** Task **
Return the lines of the material below exactly, beginning with the line that has "Pocket Rockets" in it and finishing with the line that has "Kiara Moon Age, Wiki, Net" in it. Leave all pictures aside.

** Entries shown **
——————————

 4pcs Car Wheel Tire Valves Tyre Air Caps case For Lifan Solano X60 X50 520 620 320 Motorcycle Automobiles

——————————

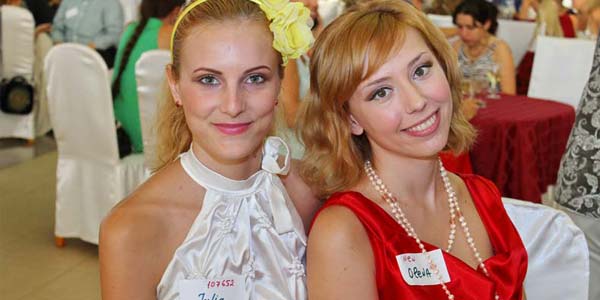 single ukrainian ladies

——————————

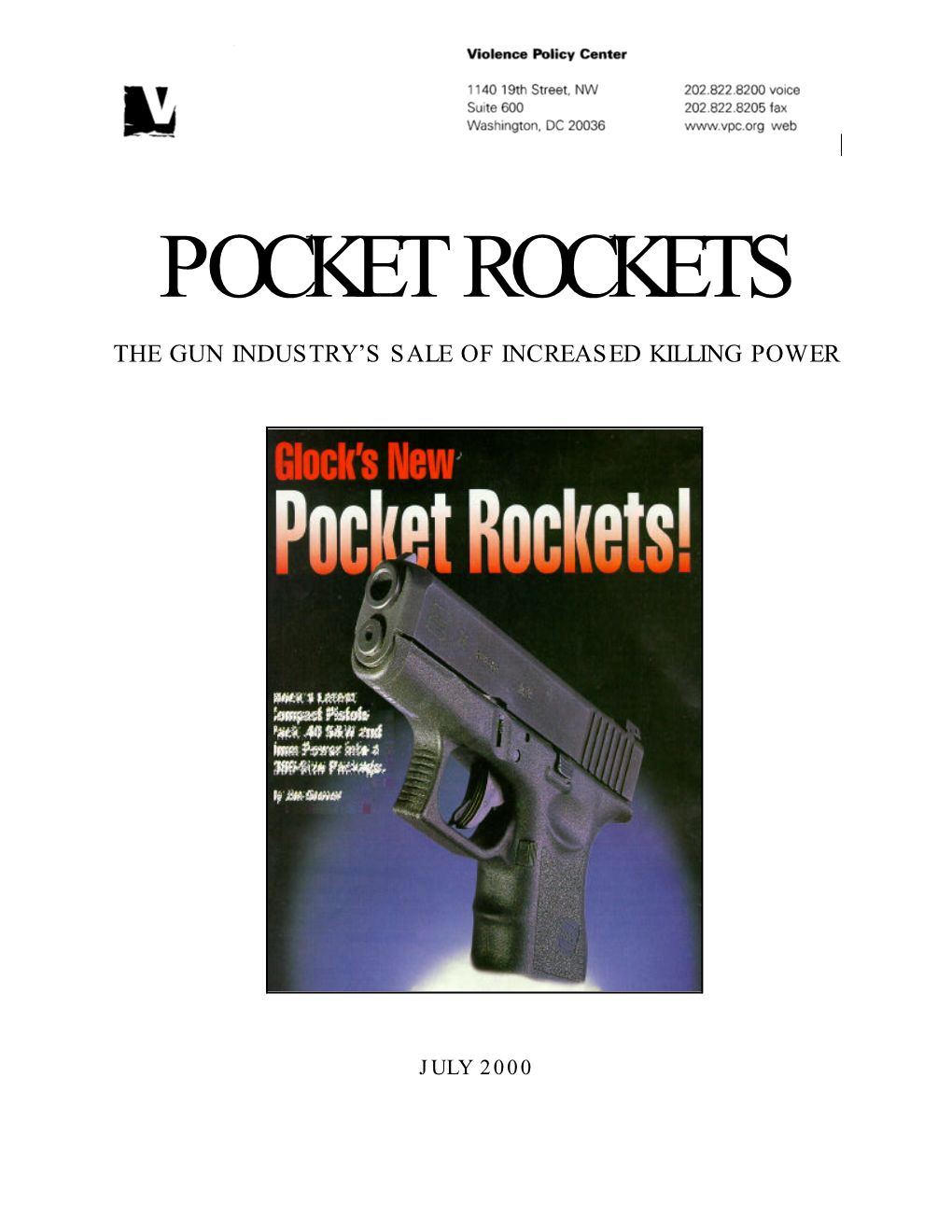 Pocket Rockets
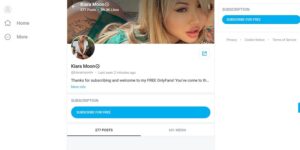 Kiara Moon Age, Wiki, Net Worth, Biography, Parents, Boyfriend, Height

——————————

** Completed task **
 Pocket Rockets
 Kiara Moon Age, Wiki, Net Worth, Biography, Parents, Boyfriend, Height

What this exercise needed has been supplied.